Giacomini che rischiò l’esonero dopo la prima promozione nel 1978?
«A Sanson piaceva partecipare, a Giacomini piaceva essere il capo branco e a volte per cementare la squadra la metteva contro la società, e a Sanson non gli andava giù».
In quell’Udinese della prima promozione dalla C1 alla B nel 1978, spiccarono Nerio Ulivieri e Luigi Delneri.
«Per Delneri quasi rompemmo io e Sanson. Teofilo non si interessava molto di mercato, ma quel giorno casualmente mi disse: “Ninin – lui mi chiamava così –, ho sentito che vuoi prendere Delneri, ma mi hanno detto che è un giocatore finito”. Poi andò a dormire e quando si svegliò io gli presentai Delneri. Dopo quattro mesi si complimentò per l’acquisto. Delneri entrò nell’acquisto di Ulivieri dal Foggia. Lo presi anche su indicazione di Giacomini che lo aveva chiesto».
Che effetto le fa vedere oggi Delneri sulla panchina dell’Udinese?
«È un grande piacere. Finalmente un friulano nel gruppo di Pozzo, a cui fui io a proporre l’Udinese su mandato di Mazza, quando ero l’amministratore unico. E sono contento, sono trent’anni che fa grandi cose per l’Udinese».

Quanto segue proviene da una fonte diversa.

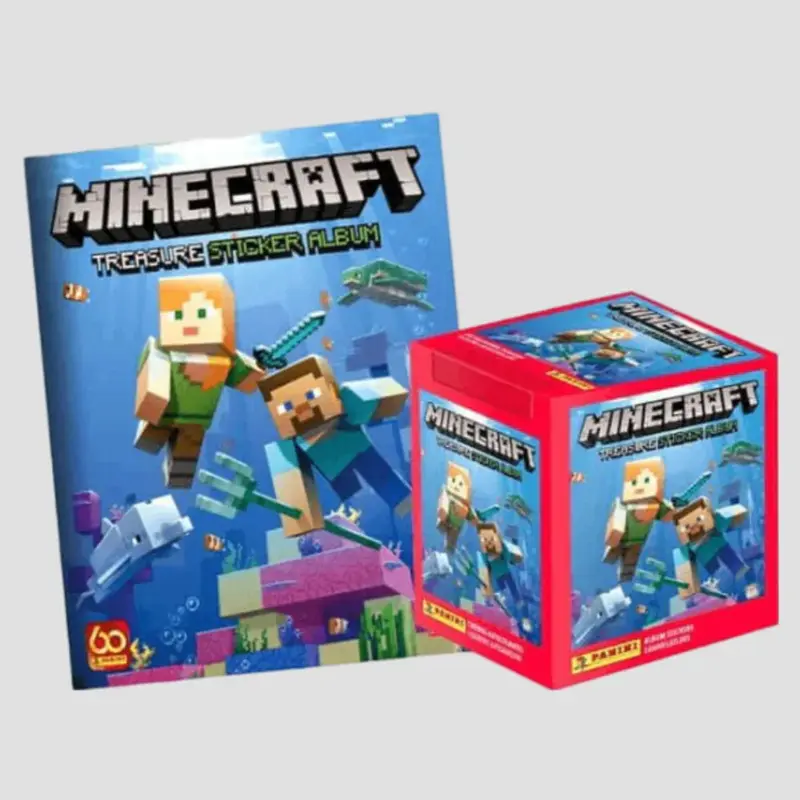 Minecraft Treasure Stickers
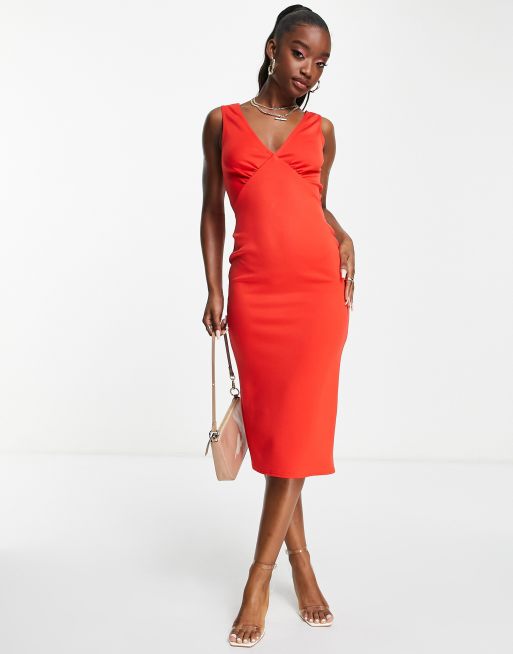 Asos red sale formal dress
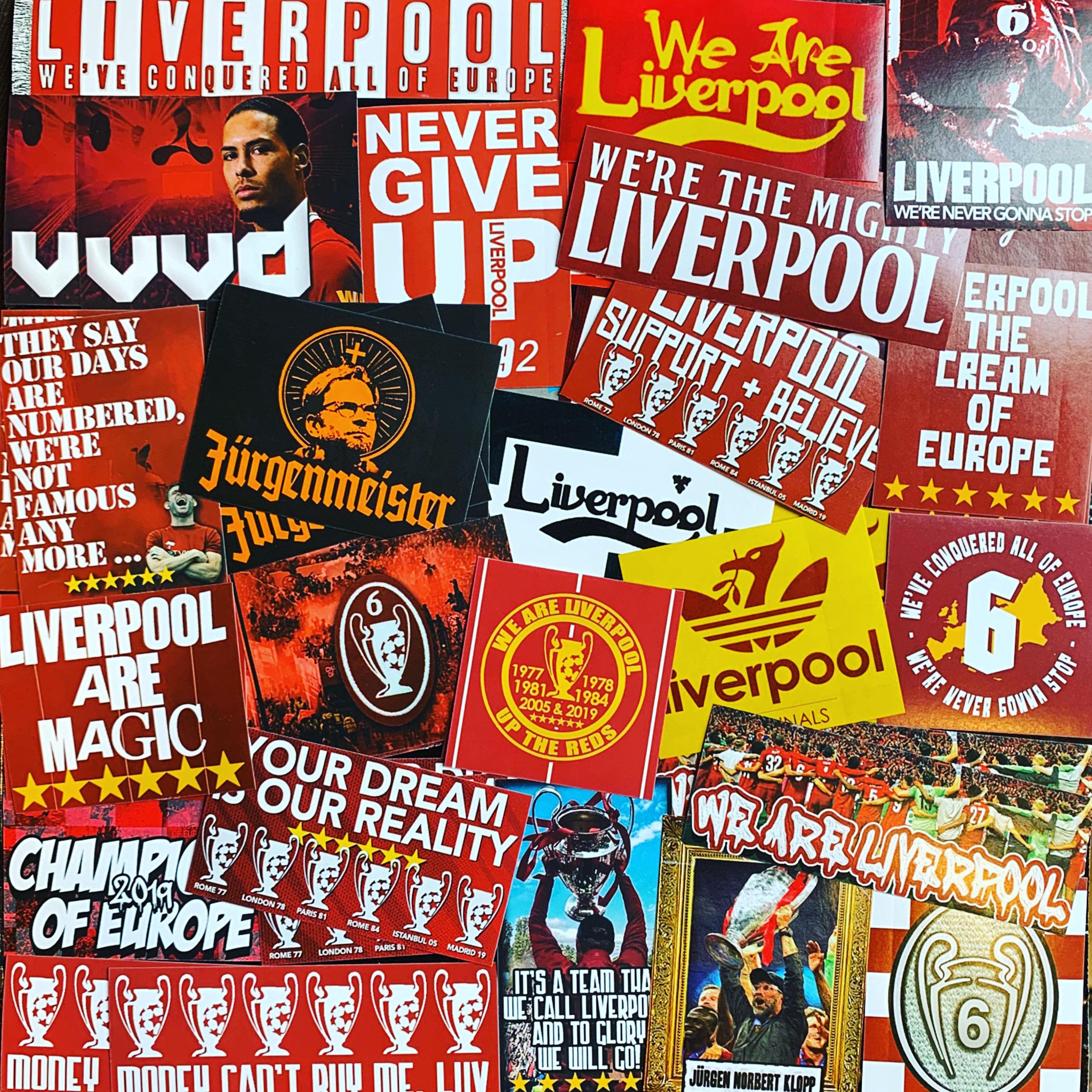 Sports & Outdoors Liverpool Soccer Decal Vinyl Team Colors/Youll Never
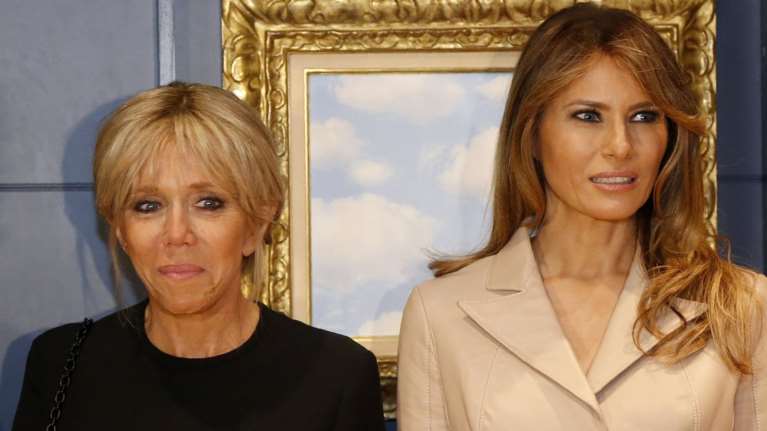 Μελάνια - Μπριζίτ: H αμήχανη πρώτη συνάντηση των πρώτων κυριών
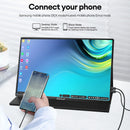 ZEUSLAP 16" 2.5K 144hz Portable Monitor 2560*1600 16:10 100%sRGB 500Cd/m²  Travel Gaming Display for Laptop Switch ps4 ps5 Xbox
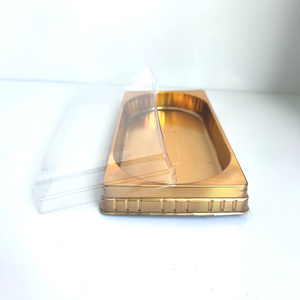 JY-D3021Rectangular cell Can place chocolate pudding swiss roll cake box plastic container plastic packaging boxes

Qual’era la forza di quella Udinese?
«Il gruppo cementato da Giacomini e poi eravamo una società forte, potente. Spesse volte in casa avevamo l’arbitro casalingo e fuori casa l’arbitro internazionale. Ero amico di Italo Allodi, che era una potenza e io ero il suo pupillo. Era una questione di buoni rapporti, non di magheggi strani. Nel nostro piccolo eravamo una società potente e rispettata».